The majority of people in the US don't eat as well as they should. Too often the allure of a quick and often cheap meal is too much to resist for folks with busy lives. In the rush to get out the door in the morning, that pit stop at the fast food restaurant for an easy breakfast seems unavoidable, and that leftover pizza that has been sitting in the fridge becomes a likely default for supper after a long day of work when all you want to do is relax. Both of these are common scenarios -- and excuses! -- for not eating properly. However, the trouble really starts when you try to move away from that lifestyle...
Unfortunately, sometimes going on a weight loss plan or attempting to transition to a fresh food only diet can leave you feeling less satisfied. Your body becomes accustomed to all those calories and fats you've been ingesting, and it can be hard to re-acclimate to healthier eating habits. One solution for increasing the fullness factor and overall satisfaction of any meal is to increase the amount of fiber you take in...
The following information is courtesy of healthyeating.sfgate.com:
Types of fiber
Soluble fiber and insoluble fiber comprise the two major subcategories of the essential nutrient. Soluble fiber dissolves in water to help regulate your blood sugar and decrease LDL, or bad, cholesterol. Insoluble fiber remains intact and absorbs water as it moves through your intestines. The bulk of insoluble fiber sweeps waste from and maintains a healthy pH in your colon.
Benefits of fiber
Insoluble fiber provides other benefits beyond promoting satiety. Because the added bulk of insoluble fiber makes your stools softer, they become easier to pass, which can help treat and prevent constipation, hemorrhoids and diverticulosis...Insoluble fiber also regulates bowel movements, which alleviates some symptoms of irritable bowel syndrome. Lastly, many studies have associated increased fiber intake with a lower risk of colon cancer.
Foods that provide fiber
Most vegetables are high in insoluble fiber, which helps prevent constipation because of its laxative effect.
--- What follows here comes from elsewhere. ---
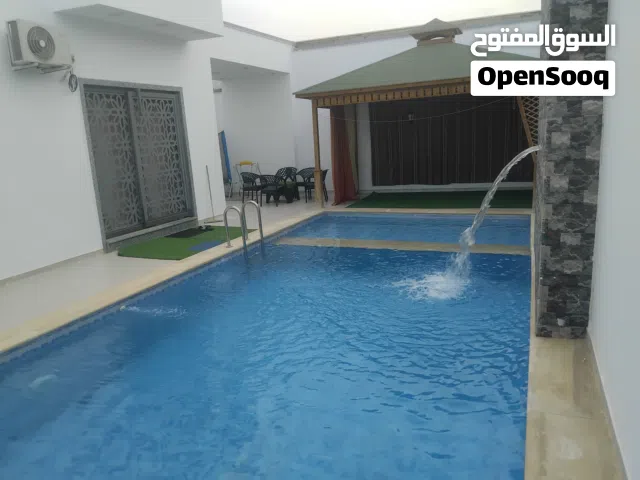 2 Bedrooms Chalet for Rent in Tripoli Al-Baesh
Carrots, cucumbers and zucchini are good sources of insoluble fiber. A half-cup of artichoke hearts provides 7 grams of fiber, and a half-cup of green peas or mixed vegetables supplies 4 grams.
Whole Grains & Nuts
A half-cup of cooked barley provides 3 grams of fiber, and bulgur has 4 grams of roughage in a half-cup. Oat bran, oatmeal, whole-grain bread and whole-wheat pasta are good sources of fiber. Whole grains are sources of iron and B vitamins. Nuts and peanuts are sources of fiber and healthy fats.
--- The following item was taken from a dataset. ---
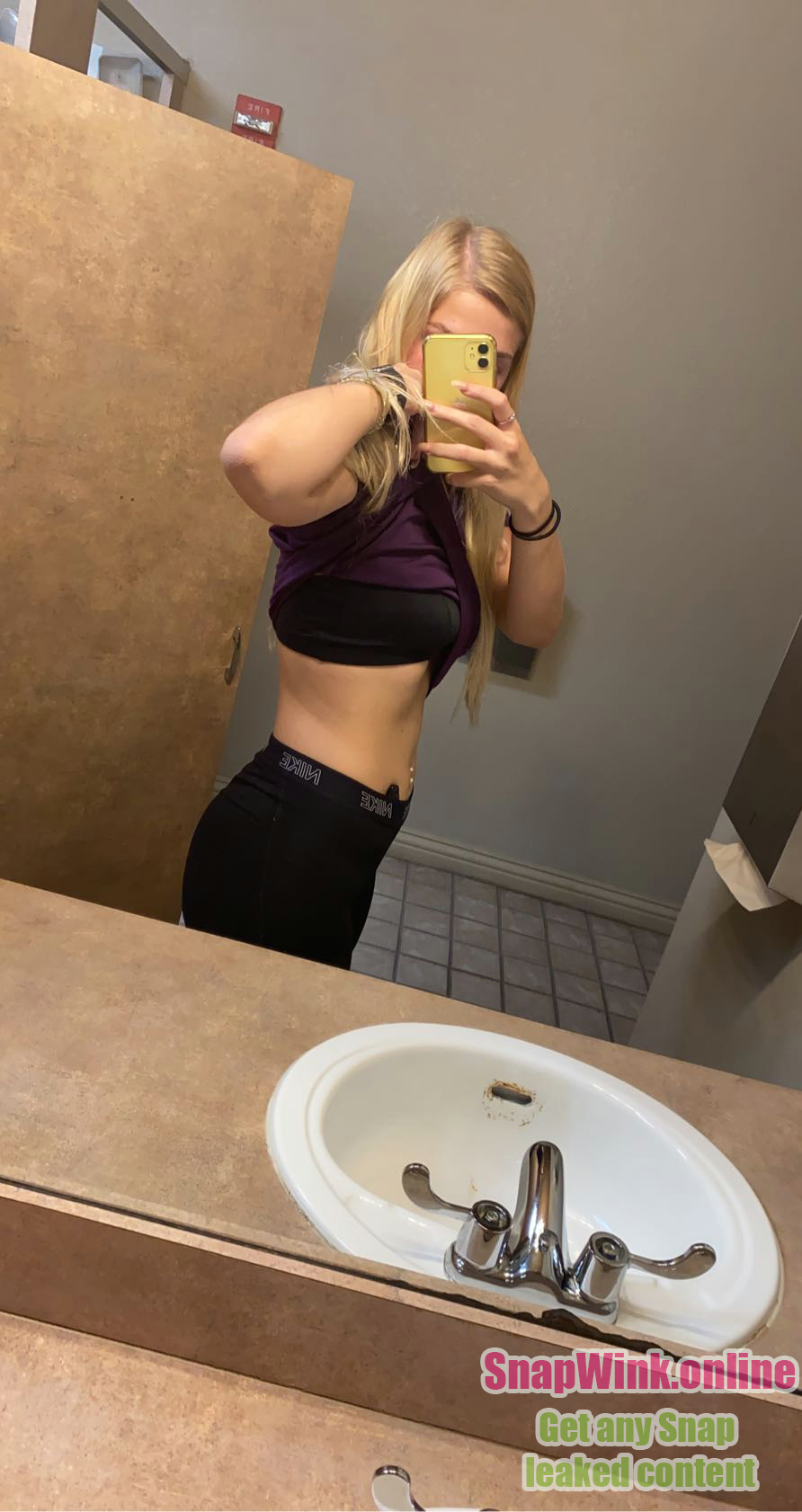 Hot college teen GF snap leaks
Most fruits provide soluble fiber, a nutrient that helps lower your cholesterol levels and control your blood sugar. Apples, citrus fruits, such as oranges and grapefruit, pears and berries are high in roughage. A medium pear has 5.5 grams of fiber and a half-cup of blackberries provides 4 grams. Dried figs have 4 grams of fiber per quarter-cup.
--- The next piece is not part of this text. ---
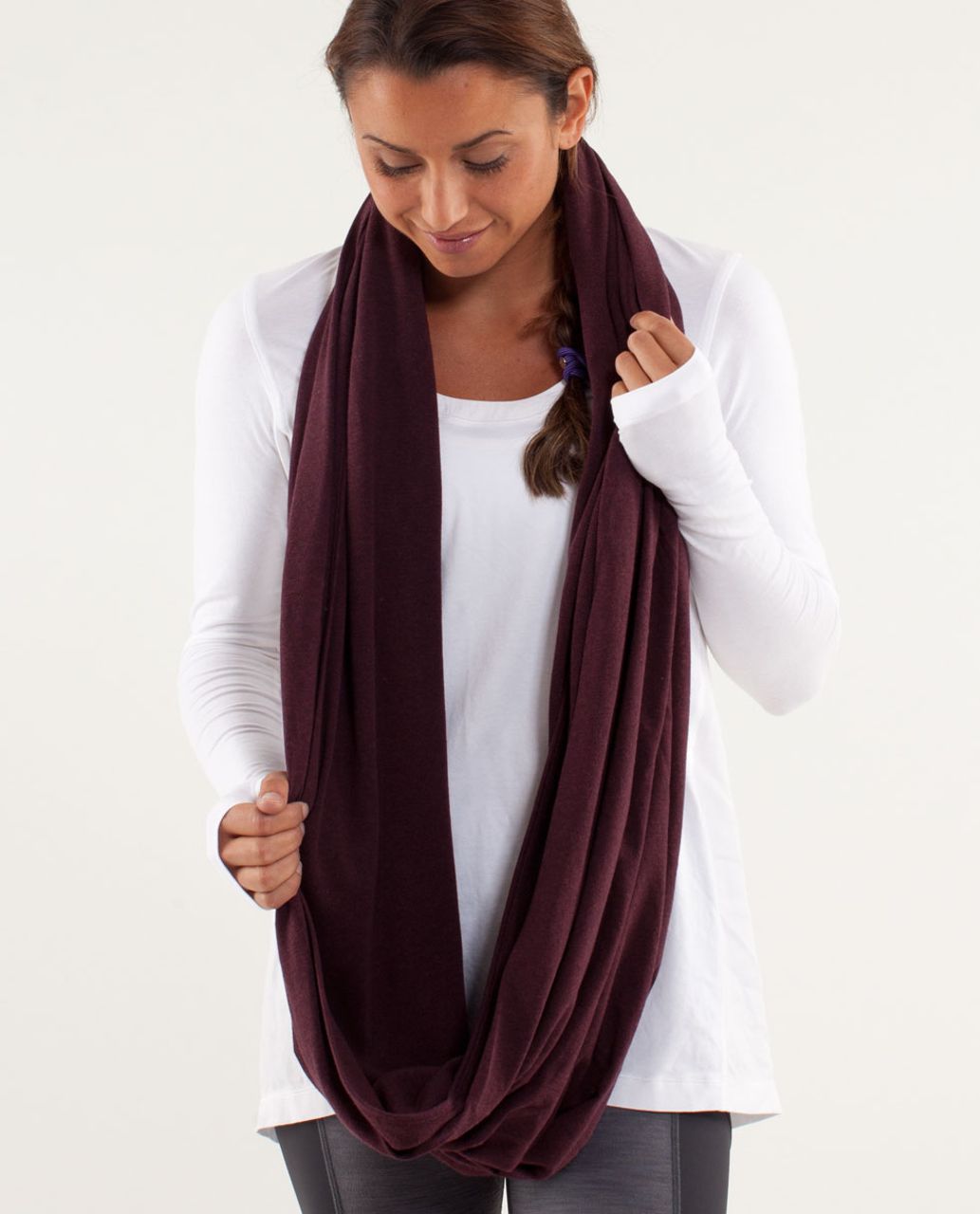 Lululemon Deja Vu Scarf - Deepest Cranberry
Legumes include lentils, split peas and beans such as lima, garbanzo, kidney, black, great Northern and pinto. Each half-cup of legumes supplies 5 to 10 grams of dietary fiber. Legumes are sources of soluble fiber, and they are also good sources of protein, and provide potassium, folate, iron and zinc.
The amount of fiber an individual should consume each day will vary depending on their gender and age: Men aged 50 and younger should take in about 40 grams of fiber per day, while women in the same age bracket should be consuming about 25 grams. Folks over the age of 50 are encouraged to eat slightly less -- about 30 grams for men, and 20 grams for women.
Note: As you increase the fiber in your diet, you may experience more intestinal gas. Increasing fiber gradually will allow your body to adapt. Because some fibers absorb water, you should also drink more water as you increase your fiber intake.